Polaris, the brighest star of the constellation Ursa Minoris located at the tip of the handle of the Little Dipper. As the brightest of all Cepheid Variables, Polaris has been closely monitored in the past by many astronomers. Beginning after 1945, such astronomers noticed a rate of increase in Polaris' period as well as a rate of decrease in it's amplitude. It was then suggested in 1993 that Polaris would cease all pulsations within the next few years. Much to everyone's surprise, in 1998 astronomers noticed that Polaris did not cease pulsating - furthermore, it's amplitude decrease also stopped. With such unpredictable behavior, much is still left to be discoverd about Polaris. The amplitude of Polaris' variations is about 0.03 mag, and it's period is 3.97 days. Some astronomers suspect that we have been witnessing the evolution of Polaris as a Cepheid Variable: that this may be the process by which a Cepheid Variable evolves out of pulsating in it's first overtone to pulsating with its fundamental period - resulting in a more stable and stereotypical Cepheid Variable.
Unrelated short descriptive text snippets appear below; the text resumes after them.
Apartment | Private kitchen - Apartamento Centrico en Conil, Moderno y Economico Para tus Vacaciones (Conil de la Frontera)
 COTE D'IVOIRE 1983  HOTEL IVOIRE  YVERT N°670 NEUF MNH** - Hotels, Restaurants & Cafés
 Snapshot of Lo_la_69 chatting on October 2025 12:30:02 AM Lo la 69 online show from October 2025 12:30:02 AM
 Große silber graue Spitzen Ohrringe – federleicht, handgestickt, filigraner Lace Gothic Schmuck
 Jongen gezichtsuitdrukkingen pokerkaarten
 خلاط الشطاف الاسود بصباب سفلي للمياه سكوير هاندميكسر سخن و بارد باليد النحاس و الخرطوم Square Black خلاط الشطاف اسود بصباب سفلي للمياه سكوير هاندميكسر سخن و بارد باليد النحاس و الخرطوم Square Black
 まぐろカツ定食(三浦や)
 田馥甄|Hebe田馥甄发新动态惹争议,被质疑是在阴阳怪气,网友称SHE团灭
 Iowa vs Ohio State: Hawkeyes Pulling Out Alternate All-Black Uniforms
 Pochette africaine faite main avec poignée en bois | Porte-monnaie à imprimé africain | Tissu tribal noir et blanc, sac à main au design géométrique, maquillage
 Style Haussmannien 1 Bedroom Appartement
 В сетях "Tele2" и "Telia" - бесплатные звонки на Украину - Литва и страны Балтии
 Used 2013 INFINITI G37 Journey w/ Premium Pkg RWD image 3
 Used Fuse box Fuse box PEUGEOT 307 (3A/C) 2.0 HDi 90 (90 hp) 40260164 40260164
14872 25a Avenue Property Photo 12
This Project seeks to monitor Polaris continuously, providing live images of Polaris and a data base for continuous light curves of Polaris.
We are using a 10 cm refractor and an SBIG STV CCD camera. The field of view is about 5 degrees so the telescope is kept stationary. A specialized computer program was wriiten to control the ccd. The program allows the user to set the exposure time and the interval of time between exposures. The program runs autonomously.
The North Sky telescope is located in the the North Star building of the optical ridge at PARI. The building is equipped with a 24 inch X 26 inch window and is of course oriented due North. Imaging begins when the window shutter is opened and ends when the shutter is closed. Another program monitors weather conditions and opens/closes the shutter at sunset and sunrise, respectively. The images are analyzed using IRAF, resulting in a continuous light curve of Polaris.